Détail du frontispice de l’Encyclopédie en couverture: la matérialité éditoriale visualise l’enjeu herméneutique de ce bel essai de réflexion culturelle que boucle une bibliographie de 150 titres. Le sagace Montréalais y revient sur les Lumières, avec cinq critiques théâtrales tirées de la revue Jeu (Sade, Diderot, Marivaux ; «Scènes»). Il scrute les lieux et les «idées-images» (Bronislaw Baczko) des Lumières dans l’imaginaire social actuel, entre modernisation outrée, démagogie et distorsions factuelles. «Lire les classiques vaut mieux que de ne pas les lire» (Italo Calvino, Pourquoi lire les classiques, Seuil 1993, trad. Michel Orcel, François Wahl): adossé au propos calvinien, Melançon évalue l’écho littéraire, théâtral, critique, pédagogique, politique, journalistique, publicitaire et scientifique des Lumières. Il questionne la lecture des classiques.

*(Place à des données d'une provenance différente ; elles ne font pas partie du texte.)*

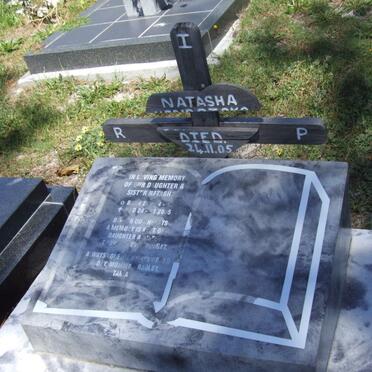 HENDRICKS Natasha -2005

Voltaire, Rousseau et autres célébrités du XVIIIe siècle occupent les espaces romanesques, médiatiques, filmiques, télévisuels contemporains. Mais au prix d’une habile mue. Maintes fois, la notoriété atténue le «sens de l’œuvre». Réduite au slogan, l’icône littéraire masque la complexité intellectuelle. Si au Canada l’anticlérical Voltaire hante les représentations mondaines, allusives voire superficielles des Lumières, Rousseau escorte en penseur radical du contrat social la culture politique, le discours militant ou la contestation lycéenne et universitaire (2012).

Inventaire à la Prévert

«Les rêveries du coureur solitaire» : aux pages du quotidien libéral Le Devoir (450 000 lecteurs !) ou sur un «e-carnet» subjectif (blog), l’allusion banale aux Lumières détourne les titres et les concepts pour suivre l’actualité sportive, pédagogique, climatique, électoraliste ou féministe («Rêveries d’une promeneuse solitaire»). Vital dans les Confessions (posthume, 1782, 1789), le «je» rousseauiste amplifie l’individualisme, le narcissisme et la subjectivité présentiste que disséminent les réseaux sociaux.

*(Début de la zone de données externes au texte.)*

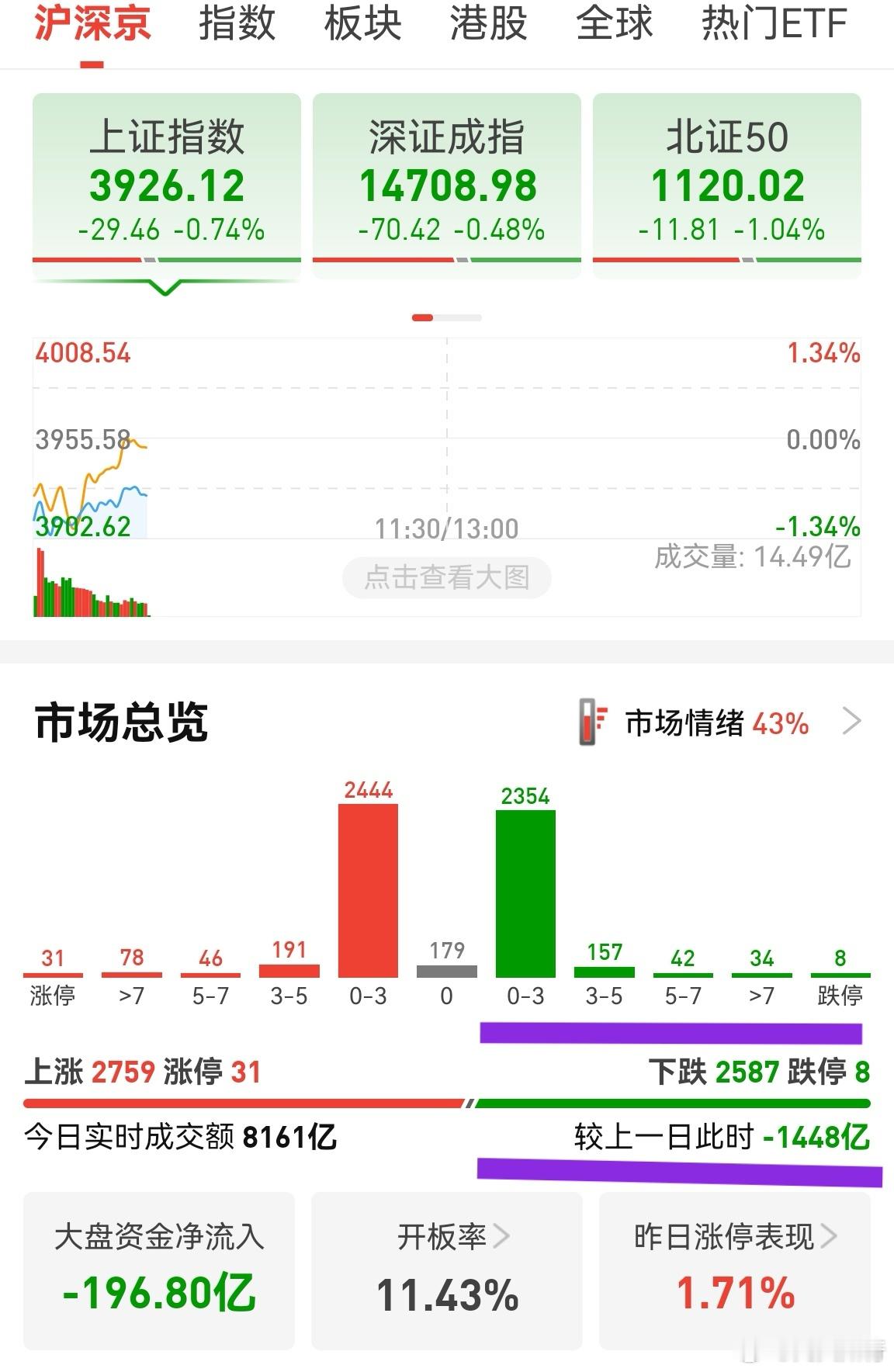 缩量1500亿不到，如果今天整天缩量不到2000亿，就是合理范畴，说明风格在切换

Démagogique reprise par Emmanuel Macron du legs des Lumières (17 avril 2017, discours, Bercy), chants sur le siècle de Voltaire (Robert Charlebois, «Les rêveries du promeneur solitaire», 1983), romans (cf. la série-fleuve canadienne en 2000 pages de Patrick Sénécal, Malphas, 2011-2014), célébrations étranges (Jazz Magazine, avril 2017 : centenaire de la naissance en 2017 d’Ella Fitzgerald, mort de Germaine de Staël en 1817), réduction textuelle ou radiophonique d’un(e) auteur(e) à l’œuvre unique (Marivaux, «Le jeu de l’épargne et du hasard», etc.), titres de presse simplistes, caricature publicitaire, anachronisme comparatif qui décontextualise («Wikipedia, Encyclopédie Diderot et d’Alembert du XXIe siècle?», Le Devoir, 29-30 mai 2010), objets et auteurs itératifs des Lumières dont le buste de Voltaire dans la dystopie en 17 épisodes de 42 minutes The Prisoner (1967-1968), «Résidence Voltaire» avec le jardin à cultiver sur le site d’un agent immobilier, bande dessinée : la glane méticuleuse des Lumières dans l’imaginaire social est un inventaire à la Prévert.

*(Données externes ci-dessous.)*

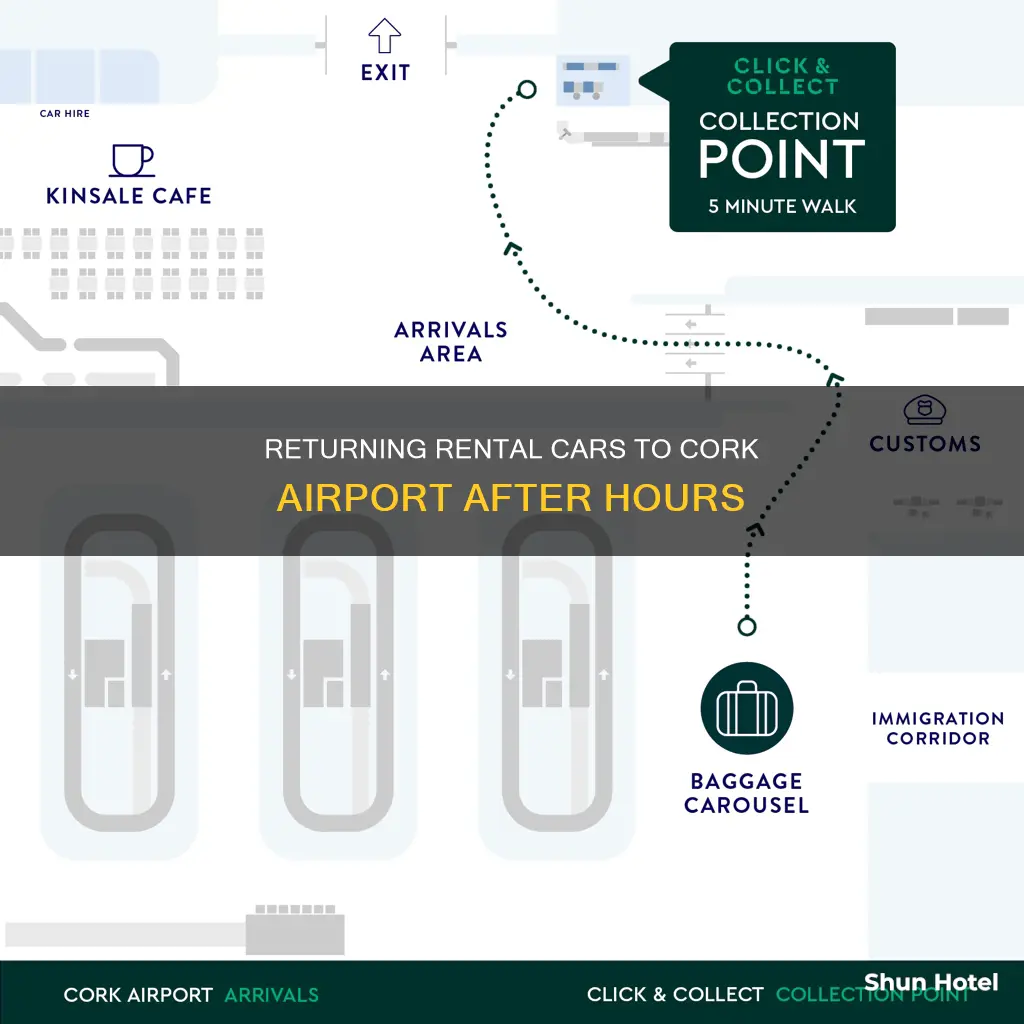can you return cars to cork airport after hours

Voltaire… toujours Voltaire

Plutôt dramatique en 2015 ! En Europe et en Amérique du nord, Voltaire escorte l’effroi et l’anathème unanime du carnage commis à la rédaction de Charlie hebdo. Le Devoir, Le Monde, Libération, Le Temps, radios et télévisions, édition hâtive du florilège Tolérance. Le combat des Lumières (Société française d’études du XVIIIe siècle, mars 2015): peu de dissonance. Mais la perplexité poseuse de Régis Debray sur l’égoïsme de Voltaire (Revue des deux mondes, avril 2015, «Contre les fanatismes Voltaire suffit-il?)» ou le mépris sidérant d’Alain Badiou qui loue Rousseau contre La Pucelle d’Orléans «ce poème cochon… ce Voltaire de bas étage» (Le Monde).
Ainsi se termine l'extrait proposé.